Doccia fredda da 113 milioni di euro per Rti e Mediaset nel Tribunale civile di Milano. Nelle sentenze penali del 2012 sulla compravendita 1999-2005 di diritti tv Mediaset attraverso le intermediazioni del produttore egiziano-americano Farouk «Frank» Agrama, costata tra l' altro la condanna definitiva a Silvio Berlusconi per frode fiscale, un unico aspetto positivo pareva esserci per Mediaset: poter ottenere, in una successiva causa civile contro Agrama, i danni di quella «appropriazione indebita» (pur prescritta) che le motivazioni della sentenza penale addebitavano appunto ad Agrama.
Ma ieri il Tribunale civile di Milano, ritenendo di esercitare «il potere/dovere di rivalutare criticamente (alla luce anche del contraddittorio) i fatti già accertati in modo incontrovertibile in sede penale», rigetta la richiesta di danni formulata per almeno 103 milioni da Reti Televisive Italiane (il polo tv di Berlusconi) e per almeno 10 milioni da Mediaset, perché matura una convinzione opposta: Agrama era un vero intermediario, i contratti erano effettivi, e dunque «l' interposizione fittizia contestata nei capi di imputazione non sussiste!».
Addio soldi che Mediaset pensava di recuperare nella causa curata dagli avvocati Fabio Lepri e Salvatore Pino.
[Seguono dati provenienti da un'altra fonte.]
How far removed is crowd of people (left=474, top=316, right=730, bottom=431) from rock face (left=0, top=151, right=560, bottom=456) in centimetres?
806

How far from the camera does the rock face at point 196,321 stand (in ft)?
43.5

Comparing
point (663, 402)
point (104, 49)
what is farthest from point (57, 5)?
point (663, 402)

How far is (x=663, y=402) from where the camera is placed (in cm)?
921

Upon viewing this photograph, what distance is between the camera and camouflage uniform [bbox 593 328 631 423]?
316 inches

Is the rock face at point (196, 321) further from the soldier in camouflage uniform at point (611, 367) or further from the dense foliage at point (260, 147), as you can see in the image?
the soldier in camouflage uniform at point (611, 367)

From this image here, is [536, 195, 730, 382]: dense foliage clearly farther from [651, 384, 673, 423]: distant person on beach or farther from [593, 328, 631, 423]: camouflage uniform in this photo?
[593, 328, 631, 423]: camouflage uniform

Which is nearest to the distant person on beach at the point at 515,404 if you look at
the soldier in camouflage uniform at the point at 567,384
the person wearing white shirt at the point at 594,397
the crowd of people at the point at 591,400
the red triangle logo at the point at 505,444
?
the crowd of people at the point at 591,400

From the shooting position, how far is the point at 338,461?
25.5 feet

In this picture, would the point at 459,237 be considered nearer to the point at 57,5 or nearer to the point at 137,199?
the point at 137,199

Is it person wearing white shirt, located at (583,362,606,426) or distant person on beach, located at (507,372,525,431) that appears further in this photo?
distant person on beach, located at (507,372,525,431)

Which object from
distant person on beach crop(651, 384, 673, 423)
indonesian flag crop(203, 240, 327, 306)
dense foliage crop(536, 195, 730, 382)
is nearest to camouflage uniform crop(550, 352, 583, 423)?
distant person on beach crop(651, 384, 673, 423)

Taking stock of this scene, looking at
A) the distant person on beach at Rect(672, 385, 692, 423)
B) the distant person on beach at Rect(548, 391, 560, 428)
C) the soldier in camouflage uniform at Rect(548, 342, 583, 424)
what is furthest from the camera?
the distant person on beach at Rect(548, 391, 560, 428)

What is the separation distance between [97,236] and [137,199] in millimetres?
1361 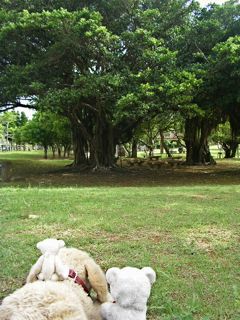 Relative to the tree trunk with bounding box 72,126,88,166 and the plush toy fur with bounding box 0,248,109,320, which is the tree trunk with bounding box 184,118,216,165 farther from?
the plush toy fur with bounding box 0,248,109,320

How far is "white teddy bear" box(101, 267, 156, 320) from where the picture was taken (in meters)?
2.35

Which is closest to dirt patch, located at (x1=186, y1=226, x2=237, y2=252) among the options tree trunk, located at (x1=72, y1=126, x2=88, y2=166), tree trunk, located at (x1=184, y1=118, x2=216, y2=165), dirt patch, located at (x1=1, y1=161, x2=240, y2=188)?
dirt patch, located at (x1=1, y1=161, x2=240, y2=188)

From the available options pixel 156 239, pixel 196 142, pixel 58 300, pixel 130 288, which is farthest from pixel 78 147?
pixel 58 300

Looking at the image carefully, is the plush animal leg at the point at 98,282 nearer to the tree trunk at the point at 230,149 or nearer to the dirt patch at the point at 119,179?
the dirt patch at the point at 119,179

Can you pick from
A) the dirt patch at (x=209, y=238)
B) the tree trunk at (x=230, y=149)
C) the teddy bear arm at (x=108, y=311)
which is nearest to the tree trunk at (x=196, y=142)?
the tree trunk at (x=230, y=149)

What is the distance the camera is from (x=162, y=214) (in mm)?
6223

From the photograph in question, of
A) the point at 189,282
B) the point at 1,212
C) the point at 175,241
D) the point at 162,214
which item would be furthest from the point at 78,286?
the point at 1,212

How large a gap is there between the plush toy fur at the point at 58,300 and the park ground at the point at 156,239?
63 centimetres

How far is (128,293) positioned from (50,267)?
21.0 inches

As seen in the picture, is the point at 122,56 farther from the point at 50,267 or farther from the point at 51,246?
the point at 50,267

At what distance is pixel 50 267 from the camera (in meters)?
2.52

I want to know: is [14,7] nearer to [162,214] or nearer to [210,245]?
[162,214]

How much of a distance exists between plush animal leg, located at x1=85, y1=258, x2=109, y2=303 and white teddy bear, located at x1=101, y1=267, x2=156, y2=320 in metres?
0.24

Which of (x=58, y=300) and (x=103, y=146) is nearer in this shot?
(x=58, y=300) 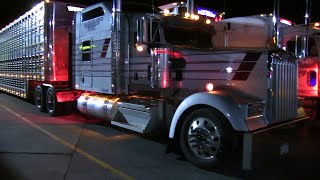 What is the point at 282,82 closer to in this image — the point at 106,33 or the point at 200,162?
the point at 200,162

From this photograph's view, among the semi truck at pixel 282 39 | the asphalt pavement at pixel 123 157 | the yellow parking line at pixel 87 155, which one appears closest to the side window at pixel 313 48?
the semi truck at pixel 282 39

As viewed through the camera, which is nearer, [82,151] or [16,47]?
[82,151]

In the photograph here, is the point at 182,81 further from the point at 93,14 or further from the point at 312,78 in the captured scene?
the point at 312,78

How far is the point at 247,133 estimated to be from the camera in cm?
586

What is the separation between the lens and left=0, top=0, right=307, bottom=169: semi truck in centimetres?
638

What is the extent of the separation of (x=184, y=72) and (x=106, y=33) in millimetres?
2833

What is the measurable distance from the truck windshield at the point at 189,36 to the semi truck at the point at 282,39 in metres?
0.33

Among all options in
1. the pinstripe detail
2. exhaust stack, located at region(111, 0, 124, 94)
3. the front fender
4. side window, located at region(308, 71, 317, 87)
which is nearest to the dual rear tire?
exhaust stack, located at region(111, 0, 124, 94)

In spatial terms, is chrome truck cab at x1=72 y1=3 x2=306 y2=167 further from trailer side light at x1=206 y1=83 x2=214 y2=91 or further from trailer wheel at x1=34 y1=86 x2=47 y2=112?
trailer wheel at x1=34 y1=86 x2=47 y2=112

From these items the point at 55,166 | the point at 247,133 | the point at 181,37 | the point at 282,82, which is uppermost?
the point at 181,37

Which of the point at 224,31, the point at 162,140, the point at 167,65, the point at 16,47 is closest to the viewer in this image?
the point at 167,65

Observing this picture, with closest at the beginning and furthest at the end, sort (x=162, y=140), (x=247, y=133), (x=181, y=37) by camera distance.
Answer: (x=247, y=133), (x=181, y=37), (x=162, y=140)

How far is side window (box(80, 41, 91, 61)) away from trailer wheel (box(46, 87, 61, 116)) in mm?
2037

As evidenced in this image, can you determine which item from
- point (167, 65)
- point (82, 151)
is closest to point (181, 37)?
point (167, 65) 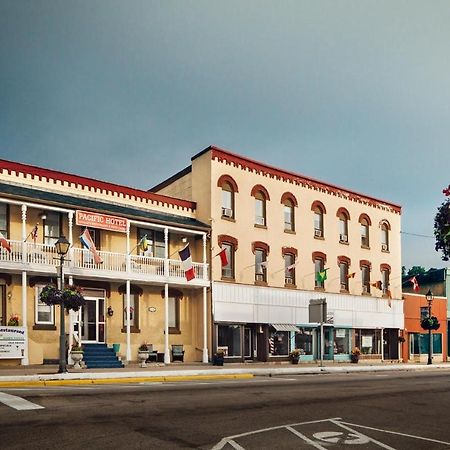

E musica celestiale invece per Agrama, che con l' avvocato Roberto Pisano pregusta l' avvicinarsi dell' ora in cui in Svizzera potrà di nuovo disporre dei 148 milioni in sequestro dal 2005.
Il complesso dei processi penali istruiti dal pm Fabio De Pasquale aveva ritenuto provata la fittizietà, nelle catene d' acquisto dei diritti tv, dell' intervento delle società di Agrama in Usa e a Hong Kong, privo di qualsiasi ragione economica e tale da far sì che il costo sostenuto in più (rispetto al costo di acquisto originario dal produttore) fosse indebita maggiorazione lucrata da Agrama ai danni di Mediaset.
Al contrario, per il presidente della X sezione civile Damiano Spera (giudice della causa civile sull' appropriazione indebita di Agrama, senza riverberi sulla frode fiscale per cui furono condannati Agrama a 3 anni e Berlusconi a 4), Agrama aveva «una complessa organizzazione aziendale idonea a commercializzare i prodotti tv»; il «ricarico» del 50% era, almeno in via astratta, ragionevole in rapporto al rischio di invenduto sul mediatore; e «non solo non è provata una indebita maggiorazione di prezzo, ma dopo l' era di Agrama» Mediaset ha «dovuto subire condizioni negoziali peggiori delle precedenti».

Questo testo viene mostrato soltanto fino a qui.